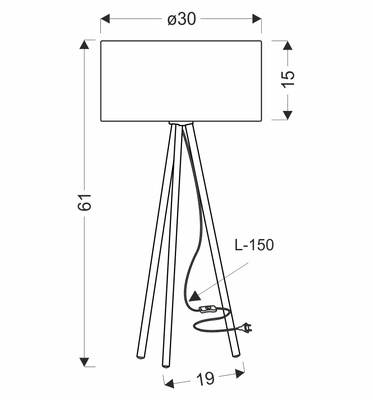 ANAKA lampa stołowa czarny 1x40W E27 abażur beżowo-brązowy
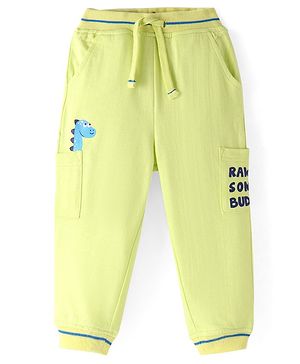 Babyhug Terry Knit Full Length Text & Dino  Printed Lounge Pant - Lime Green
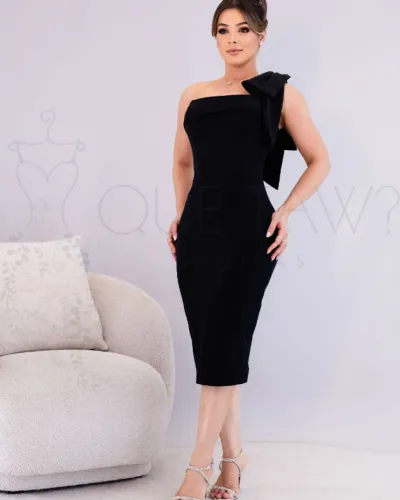 VESTIDO PRETO ELEGANTE DE FESTA COM LAÇO NA ALÇA MINIMALISTA TUBINHO MIDI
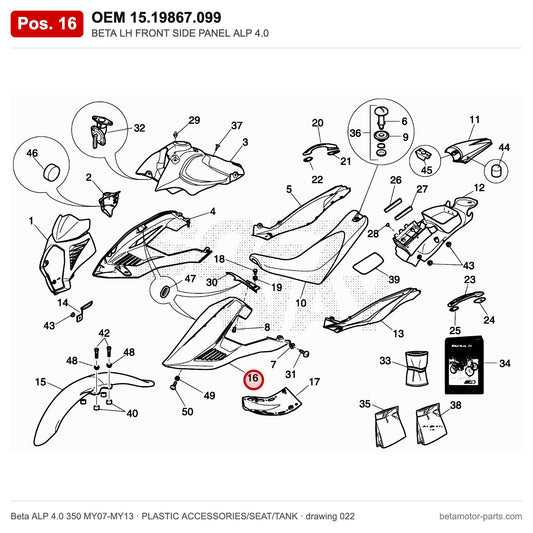 BETA LH FRONT SIDE PANEL ALP 4.0 – OEM 15.19867.099, position 16 on the Beta ALP 4.0 350 MY07-MY13 plastic accessories/seat/tank drawing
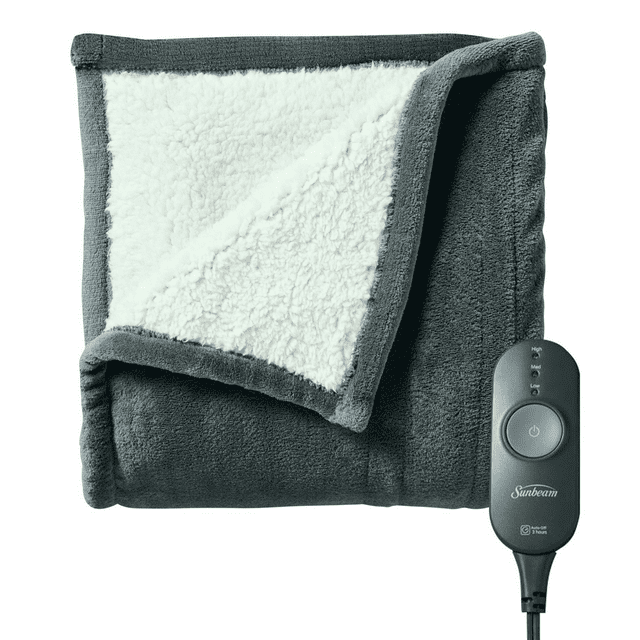 Sunbeam Electric Throw Blanket, Microplush and Sherpa Slate Gray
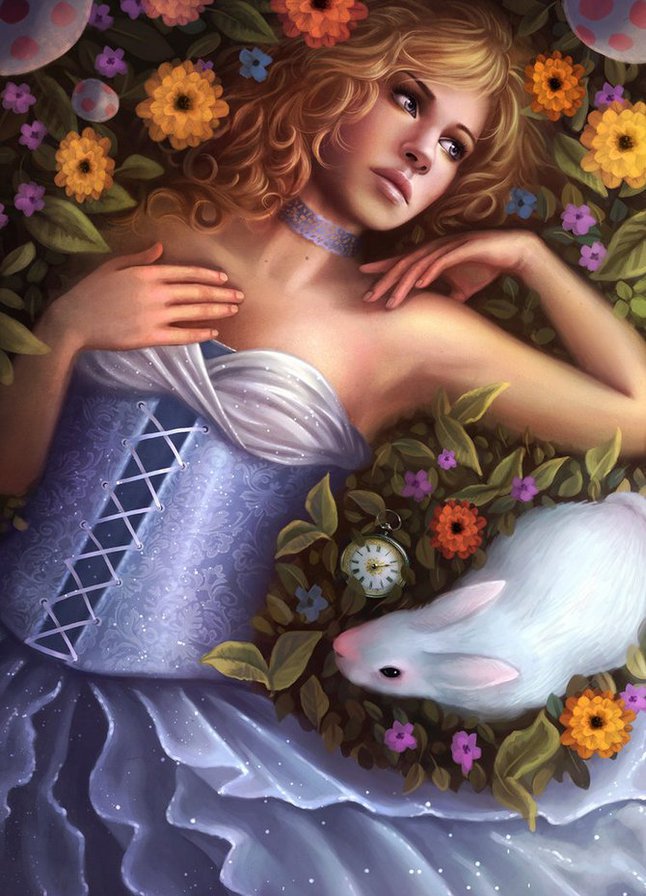 №67779 - картина, животные, девушка, цветы - оригинал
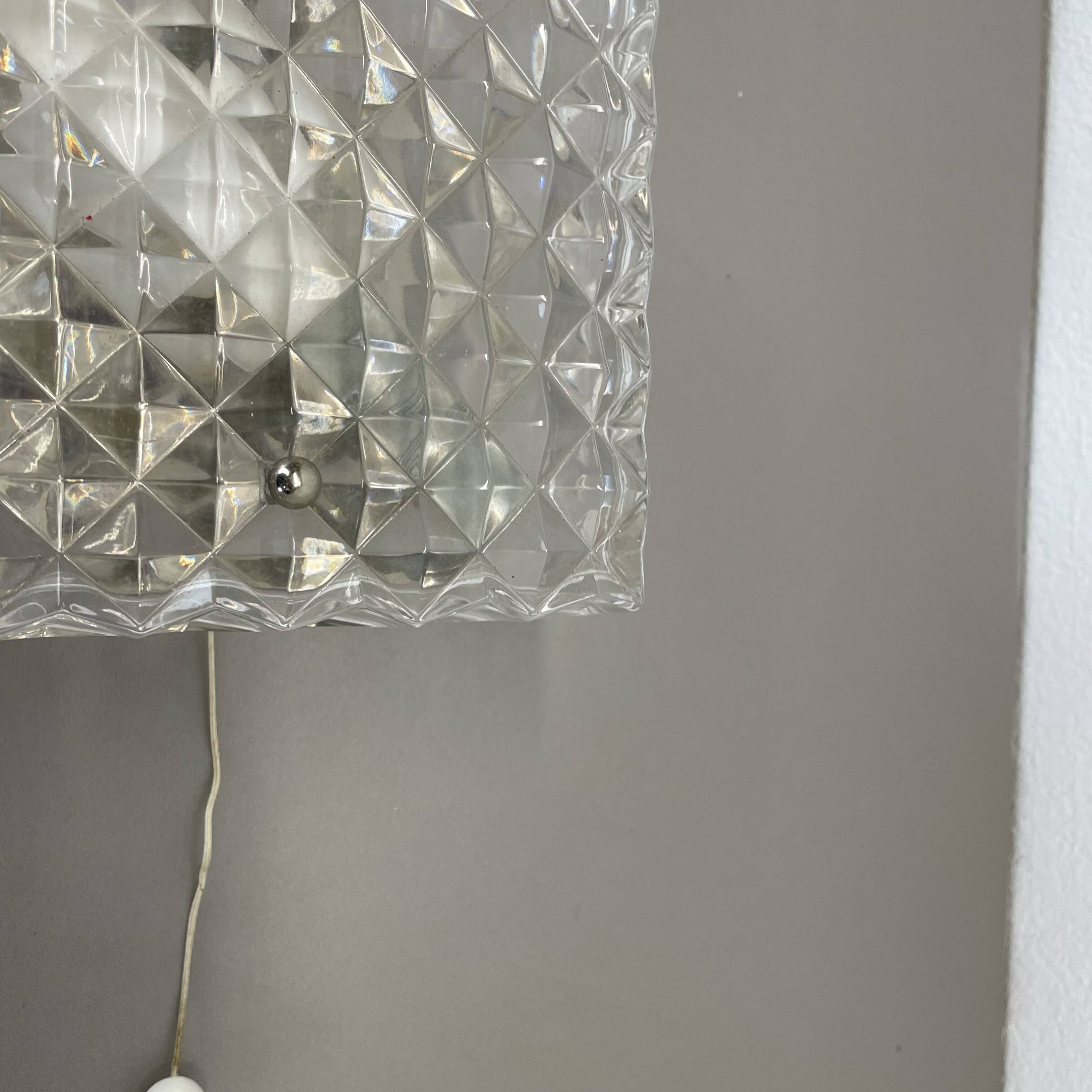 Small Cubic Textured Glass Wall Light in the Style of Orrefors, Germany, 1970s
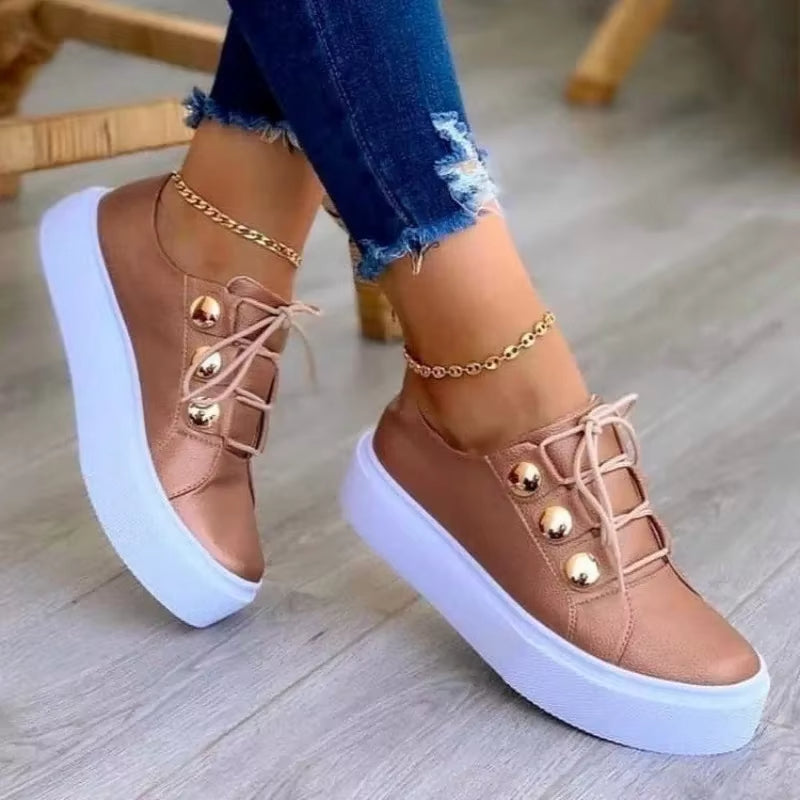 Women's Platform Sneakers with Shiny Finish and Metallic Details - Alma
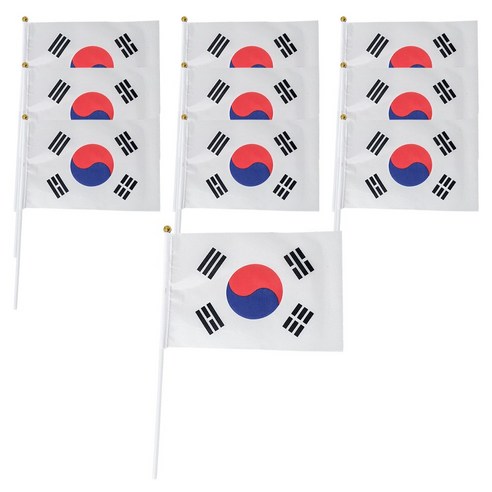 쇼핑팩토리 미니 천 수기 태극기, 10개, 소형 조립O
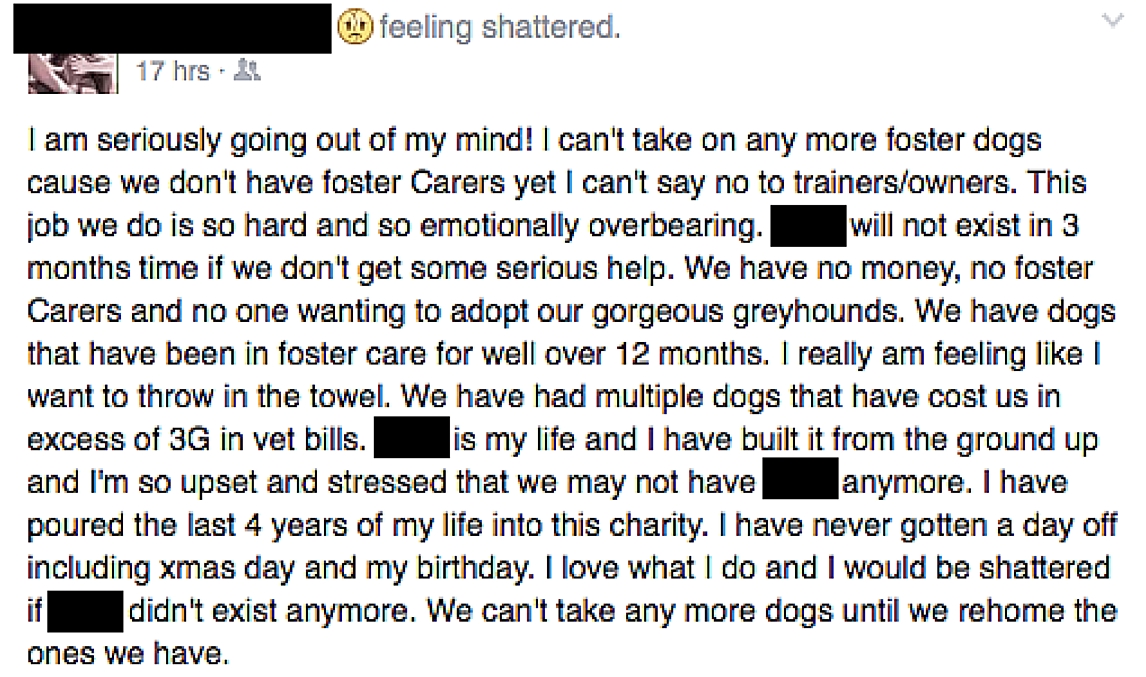 The toll of rescuing a never-ending flow of discarded race dogs is significant, both emotionally and financially.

==*==

## What is required
The copy has to start at the line that contains "цветы - оригинал" and end at the last line of the material above, matching the original exactly and holding no pictures.

## Exercise result
 №67779 - картина, животные, девушка, цветы - оригинал
 Small Cubic Textured Glass Wall Light in the Style of Orrefors, Germany, 1970s
 Women's Platform Sneakers with Shiny Finish and Metallic Details - Alma
 쇼핑팩토리 미니 천 수기 태극기, 10개, 소형 조립O
 The toll of rescuing a never-ending flow of discarded race dogs is significant, both emotionally and financially.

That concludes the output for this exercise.